The OC Princess was sold and moved to New York. Here's the link to Capt. Monty's Morningstar.web page.

Catman.


----------



## Squishy (Jul 30, 2002)

Geez, for a Hebron from WV, I seem to have all the tackle to do this. But, Uhhh... I'm gonna be in Tampa the 1st of April, on a Grouper, Snapper & Amberjack levitating Expedition in the Gulf of Mexico. So I'll have to pass on April. But, Hmmmmm..... September, October ? I got the website on my bookmarks, though. Pssssst. Cabelas has a rod for $20, that will handle the line to bottom fish, up to #50 test. Item ID-116353, Model WSSH72-2.
http://www.cabelas.com 

Sports Authority.com has the line (Don't bother going to the retail store for fishing line in January) at:
http://www.thesportsauthority.com


----------



## DOVERPOWER (Jun 26, 2000)

This just sent to me from catman

Hi Doverpower,
I just spoke with Capt Monty's wife (guess that's who she was) about ticket reservations on the Morningstar. She said that weren't taking any reservations until May 1st. Monty is currently getting the boat ready for the season. Initially reservation will be made by phone using a credit card. They'll send a gift certificate for the particular day requested.

So looks more like may
I think the best way to handle this is all of us agree on a date and call in pay for our tickets.
any other sugestions ?


----------



## Sandcrab (Mar 20, 2002)

Pick a day and let us know. I work Mon-Fri so a Saturday trip would be work for me.


----------



## Squishy (Jul 30, 2002)

As an addendum to my previous post, Cabelas also has a reel that could be used with up to #50 test line. The SS-80(Cabelas website, click on "saltwater fishing", then "reels", then "cabelas".) , which at 27.9 oz., and 310/#20 line capacity should have the strength & capacity for a headboat trip. Yes, this is a spinning rig, but every headboat I've been on recently had rod holders, and it was no problem to use a heavy spinning rig. Obviously, you wouldn't use this rig if you were fishing for 90Lb Grouper or Black Drum, but we're talking entry level here, and $90 is about as low as you'll get a decent rig to fish a headboat. The weird thing is that they sell this reel for $30, if you buy the 12Ft surf rod combo. Don't want to spring for the $90 ? Rent one !


----------



## TomL (Mar 20, 2001)

If you are taking thses offshore seabass trips you need to be aware of the records. I read all the time about people getting 8 pounders on these trips in NJ. However, the NJ state record is only a bit over 8 lbs. I don't know what the MD state record is. 

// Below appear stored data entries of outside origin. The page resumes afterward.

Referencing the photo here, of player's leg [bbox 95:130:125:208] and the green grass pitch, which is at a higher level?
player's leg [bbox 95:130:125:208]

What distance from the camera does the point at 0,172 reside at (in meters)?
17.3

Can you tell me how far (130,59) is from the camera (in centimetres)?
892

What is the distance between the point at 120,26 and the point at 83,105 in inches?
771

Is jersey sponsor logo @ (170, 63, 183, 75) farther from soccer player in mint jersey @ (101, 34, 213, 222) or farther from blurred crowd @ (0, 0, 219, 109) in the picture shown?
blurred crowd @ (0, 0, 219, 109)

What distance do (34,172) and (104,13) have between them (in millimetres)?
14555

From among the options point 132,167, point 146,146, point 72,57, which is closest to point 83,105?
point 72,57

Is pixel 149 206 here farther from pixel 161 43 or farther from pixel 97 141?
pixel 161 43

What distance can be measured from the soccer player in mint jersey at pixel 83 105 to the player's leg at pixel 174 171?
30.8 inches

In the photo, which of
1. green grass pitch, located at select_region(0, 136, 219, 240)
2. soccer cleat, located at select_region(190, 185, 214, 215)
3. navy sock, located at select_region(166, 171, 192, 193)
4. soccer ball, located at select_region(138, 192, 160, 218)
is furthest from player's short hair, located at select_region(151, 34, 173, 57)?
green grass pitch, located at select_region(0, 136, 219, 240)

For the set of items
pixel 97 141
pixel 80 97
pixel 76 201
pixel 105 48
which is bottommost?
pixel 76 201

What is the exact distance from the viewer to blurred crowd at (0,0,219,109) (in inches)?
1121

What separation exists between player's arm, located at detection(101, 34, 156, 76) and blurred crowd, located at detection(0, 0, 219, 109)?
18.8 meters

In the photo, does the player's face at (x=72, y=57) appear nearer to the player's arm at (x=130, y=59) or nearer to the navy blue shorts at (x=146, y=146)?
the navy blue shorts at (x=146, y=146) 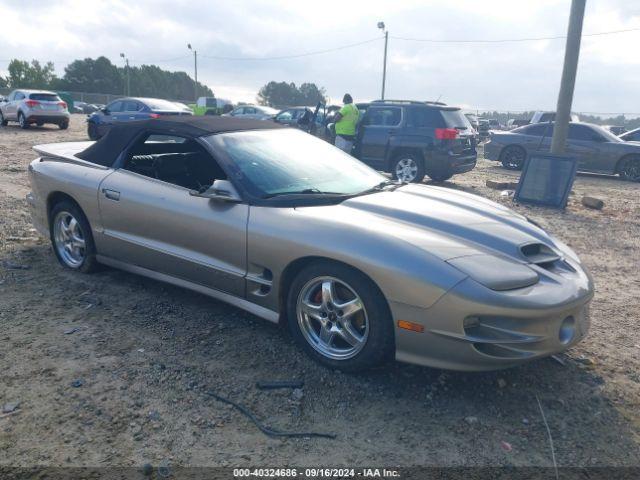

Either people aren't aware of this or these 8 lb fish swallowed a few 16 ounce sinkers.


----------



## catman (May 28, 2001)

TomL... The Black Sea Bass record in Maryland in 8 lbs. 0 oz. set in 1978. By no means does this indicate that sea bass over 8 lbs. aren't caught. I think it's safe to say that fish larger than this are caught every year and not reported as is the case of the 10 pounder on my trip last year. The mate told him he had a record bass but it didn't seem important to him. I've never caught a record size fish but I've caught my share of citation size fish and never registered them. To some people it's important to be recognized, to others it's not.

Catman.


----------



## HuskyMD (May 19, 2000)

I personally can't see the point of a citation.


----------



## Sea Critter (Jun 6, 2003)

Anyone have the url for the new boat. I've been on the OC Princess a couple of times and can attest that I've maxed out on most of them (Sea Bass)... the true mark of a great captain. 

Have the 8 hour trips been discontinued? I only see 4 hour trips listed on the ocfish.com site.


----------



## catman (May 28, 2001)

Sea Critter...Here you go. This should provide all the info you need.


web page


----------



## oldsalt (May 6, 2003)

$70 bucks no crowd good deal.


----------



## Sea Critter (Jun 6, 2003)

Thanks Catman. That's an awesome deal, and I like the idea of getting to choose the spot.

# 3 and #4 or #17 and #18 are usually where I usually try to camp out... with my big mug of coffee.


----------



## catman (May 28, 2001)

Sea Critter...The #3/#4 spot won the pool the last time I was out. I like the #24-25 and the #21-22. Only problem back there is there's no place to sit other than your cooler.

Catman.


----------



## PlankCaster (Oct 22, 2001)

Squishy,
Interesting you bring up the use of spinning setups. I notice on a lot of the head boats in teh upper Bay in Maryland customers use spinning reels for spot and croaker and such. When I fish out of Rudee Inlet or Lynhaven in VA Beach I personolly use a Fenwick Atlantic standup rod rated for 17-30lb test matched with a Penn Jigmaster reel and 30lb Trilene Big Game. This setup will hold 10 ounces though i usually only need 8. Just thought I'd throw that out there  
Tight lines and popped riggers


----------